The processing units 106 and local memory 108 (and optionally, other components of the core 102) are typically interconnected using a highly optimized network called network-on-chip 110 (NoC). The network-on-chip 110 provides efficient communication channels and high-bandwidth data transfer among the processing units 106, local memory 108, gates 104, and other components of the hardware accelerator 100.
As noted, traditionally, a hierarchical approach has been used to test and repair memory by abstracting away the details of the underlying memory sub-system and providing, for example, a standardized interface for error detection and correction. To achieve reasonable test times, the full set of cores 102 of the hardware accelerator 100 are divided into smaller sub-sets and multiple levels of hierarchy.
In embodiments, sub-system 200 may include multiple cores 102. As shown in
Each local memory 108 is wrapped within an individual wrapper 206. Each wrapper 206 is associated and coupled to a memory test processor 204. In embodiments, each wrapper 206 includes multiple local memory 108. In some embodiments, multiple wrappers 206 are associated and coupled to a memory test processor 204. In embodiments, the memory test processor 204 is the processing unit 106 of the core 102 associated with the local memory 108. Each memory test processor 204 is configured to test the local memory 108 associated with the wrapper 206. A sub-controller 202 is added to the core 102 and coupled to each memory test processor 204 within the sub-system 200.
In embodiments, system 300 may include multiple sub-systems 200 coupled to a main-controller 302, added to the hardware accelerator 100. System 300 may (or may not) be arranged as shown and may include additional components not shown. In embodiments, the main-controller 302 is coupled to the test access point (TAP) 304 and the one-time programmable (OTP) memory 306. Main-controller 302 is configured to allow the sub-systems 200 to communicate with a common TAP 304. The number of components associated with the system 300 is non-limiting.
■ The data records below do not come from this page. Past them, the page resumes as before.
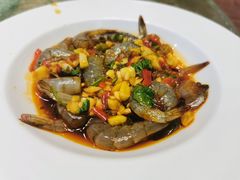 -庄氏祥记家常食府(国瑞建材家居博览中心店)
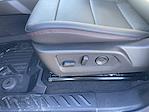 New 2026 GMC Canyon AT4X Crew Cab for sale #6GT9499 - photo 11
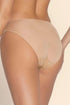 Lise Charmel J28 Elegance Artist Fancy Brief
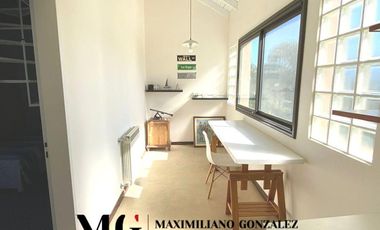 Casa Venta El Lauquen Esteban Echeverría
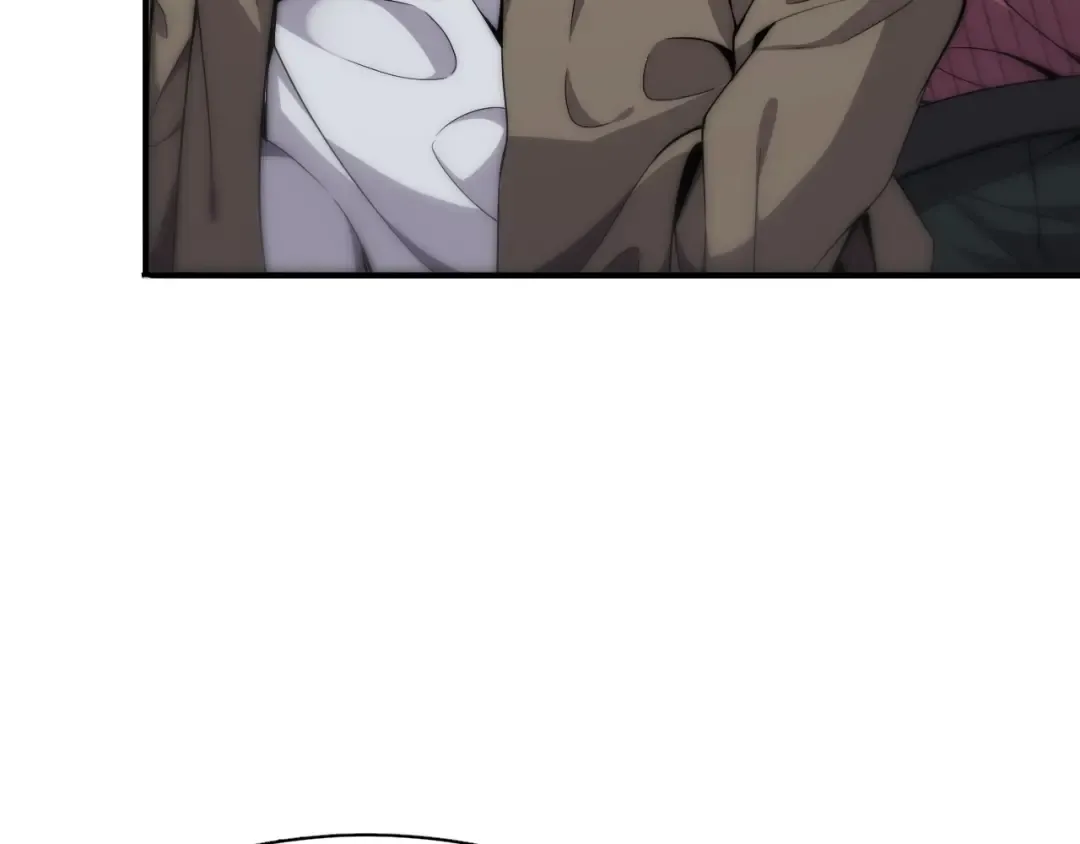 第14话 是兄弟就来砍城主 第42页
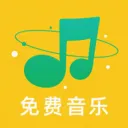 ȫ��������ֲ�����2026���°汾v1.0.0.1 ��׿��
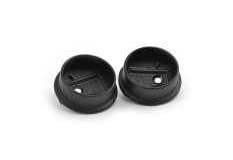 elite-round-cups-orb-640w-233x300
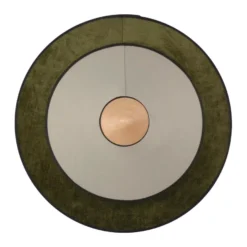 Forestier Cymbal Wandlamp LED Medium Natural 33 Forestier Cymbal Wandlamp LED Medium Natural -Flos || EMU Winkel x886x886 forestier cymbal wandlamp led medium10.jpg.pagespeed.ic .GEiazCwf6d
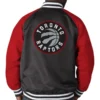 Toronto-Raptors-Lead-Off-Full-Snap-Satin-Varsity-Jacket-1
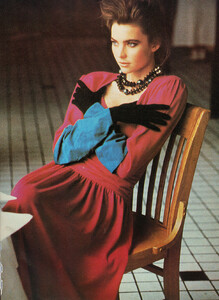 10-COSMOPOLITANGR-Feb-1987-m.UlrikaJonssonDawnSchneider-ph.UliRose.jpg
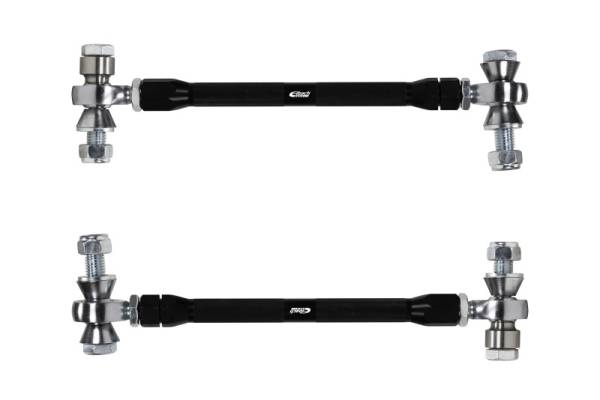 Eibach - Eibach Rear Anti-Roll End Link Kit 17-20 Tesla Model 3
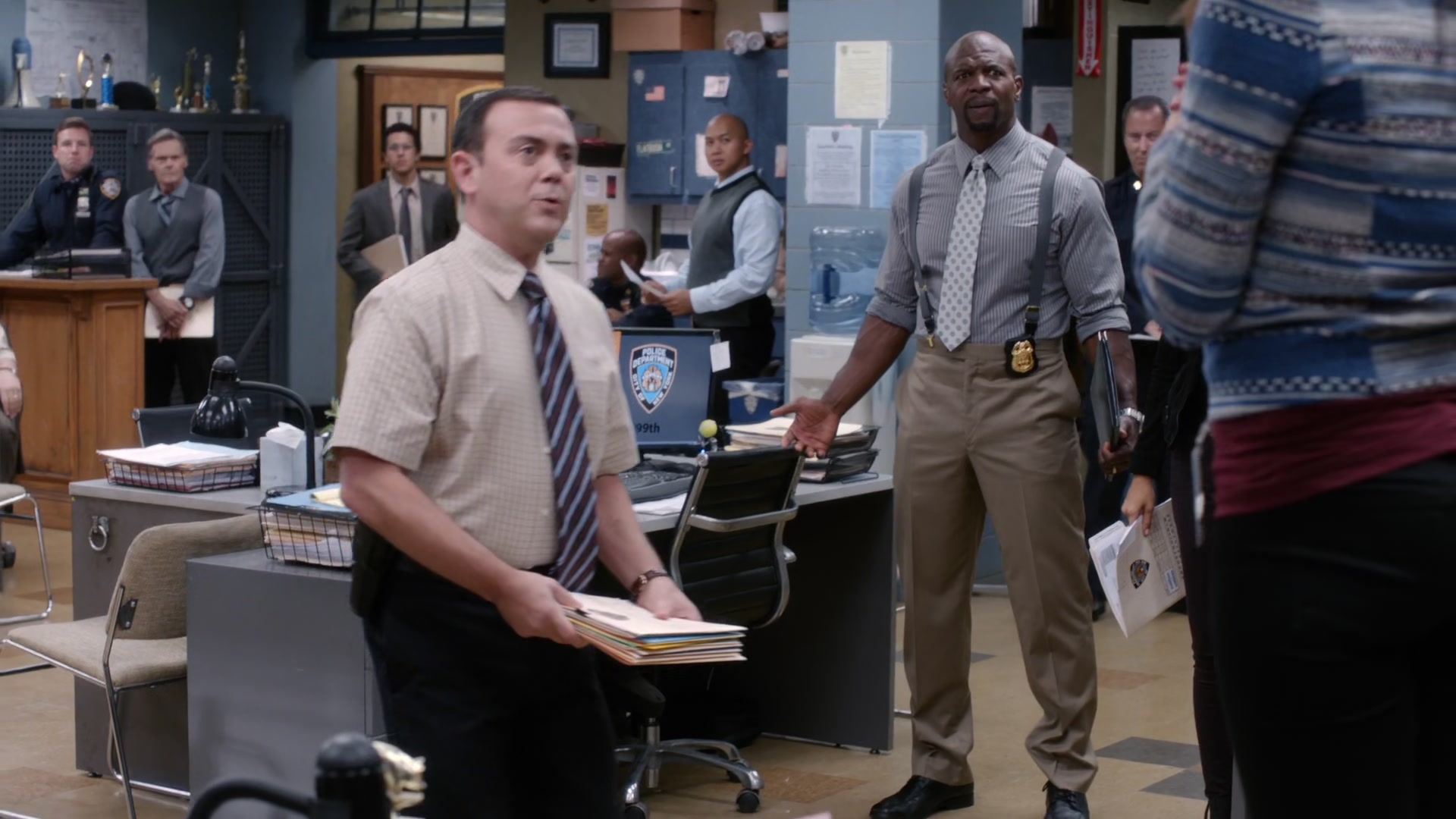 2x05_585.jpg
TAP 304, or boundary scan, tests and diagnoses digital circuits, including memory subsystems. It generally involves adding dedicated test logic to a circuit that can be used to access and control individual device pins, enabling the testing of internal signals and the detection of faults in the circuit. In memory tests and repair, TAP 304 can access individual memory cells and perform various diagnostic tests, such as read/write, bit-wise comparison, and pattern testing. It can also detect and isolate faults in the memory subsystem.
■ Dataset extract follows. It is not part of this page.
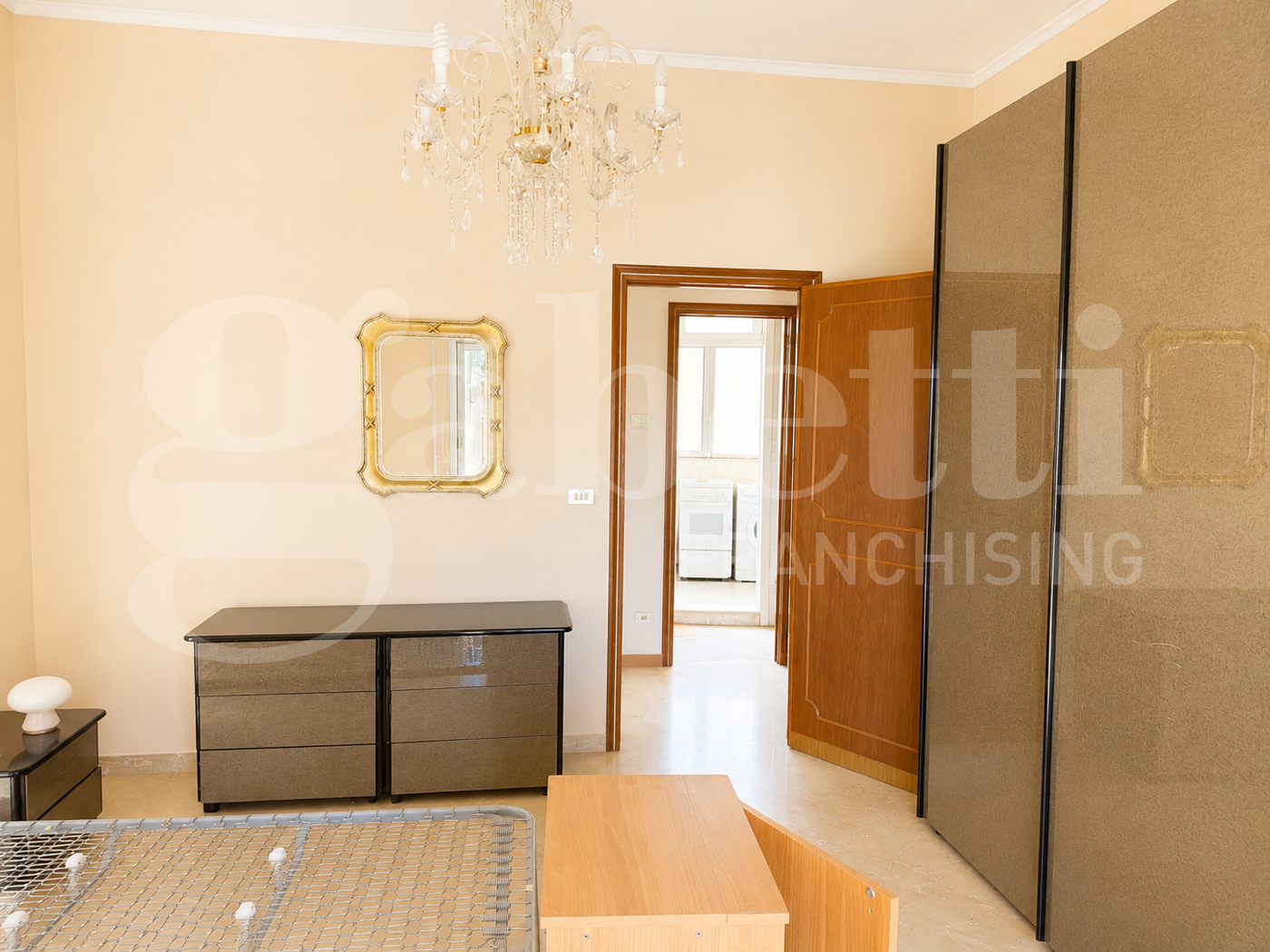 Appartamento in vendita a Ragusa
OTP memory 306, is a type of non-volatile memory that can be programmed only once during manufacturing and retains its value indefinitely. In the context of memory testing and repair, OTP memory 306 can store configuration and repair data used during the memory testing and repair process.
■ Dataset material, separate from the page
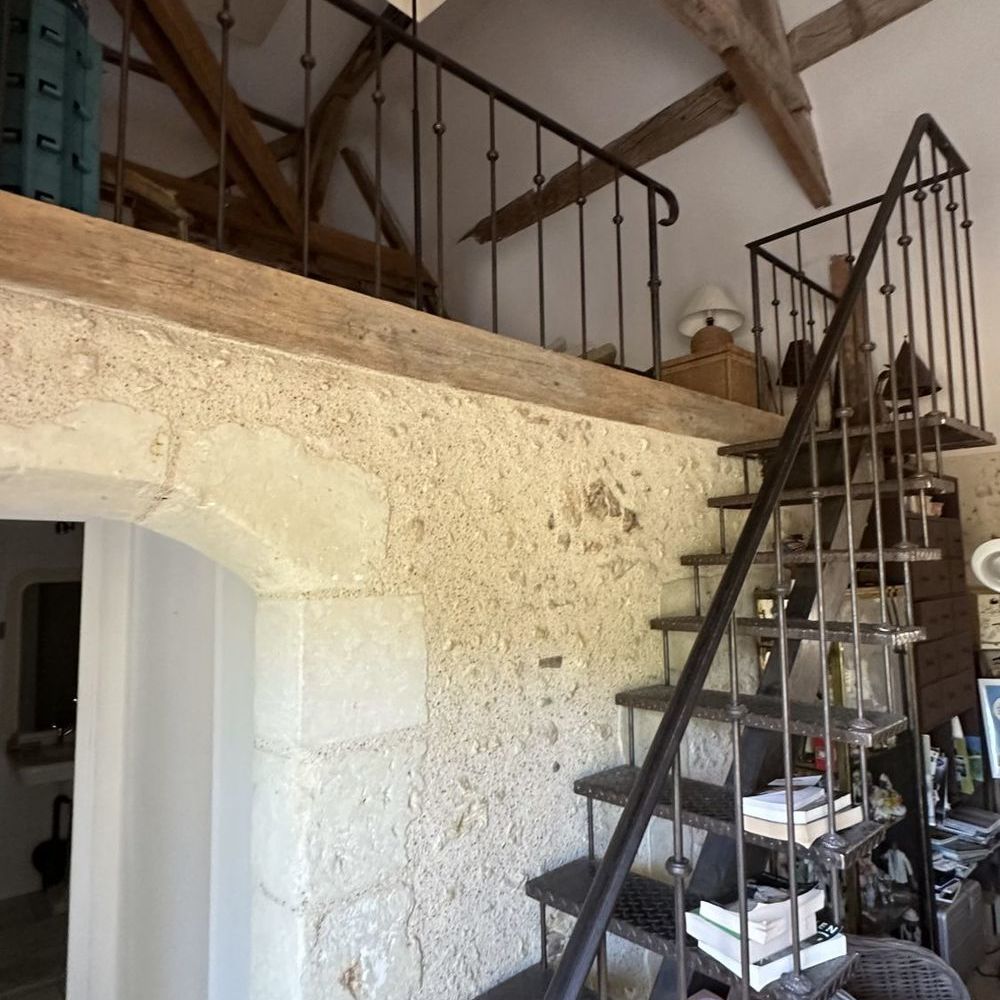 � vendre  Maison Montoire-sur-le-Loir (41800)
For example, a memory test and repair system may use OTP memory 306 to store a repair map that identifies faulty memory cells and their replacement values. During testing, the system can read the repair map from the OTP memory 306 and use it to replace the faulty memory cells with the correct values stored in the OTP memory 306. OTP memory 306 can also store configuration data, such as test patterns, timing parameters, and other settings used during testing and repair. Thus, TAP 304 enables the testing and diagnosis of the memory subsystem, while OTP memory 306 provides a reliable and non-volatile storage solution for the configuration and repair of data.
For example, in system 300 where the number of sub-systems 200 equals one, the sub-system 200 is coupled to an OTP memory 306 of 256 words through a main-controller 302. In this example, the repair data for the first local memory 108 of the sub-system 200 is stored in the first word of the OTP memory 306, the repair data for the second local memory 108 of the sub-system 200 is stored in the second word of the OTP memory 306, and so forth. In this example, the number of local memory 108 of the sub-system 200 is less than 256 (e.g., thirty-two). As such OTP memory 306 includes a significant amount of memory space that is wasted due to inefficient communication between OTP memory 306 and main controller 302.
Typically, in a system-on-chip not used in artificial learning or machine learning applications, during manufacturing (i.e., production), instructions are loaded from the TAP 304 into the memory test processor 204 to test and repair the local memory 108. During the repair process, repair signatures are calculated and stored in the OTP memory 306. The loading of instructions from the TAP 304 and communication with the OTP memory 306 are done using the sub-system 200 and system 300 DFT architectures. With the increased number of cores 102 in a hardware accelerator 100 used in artificial intelligence and machine learning applications, the design for test architecture has expanded to include a higher-level block above the system 300, known as the multi-system 400.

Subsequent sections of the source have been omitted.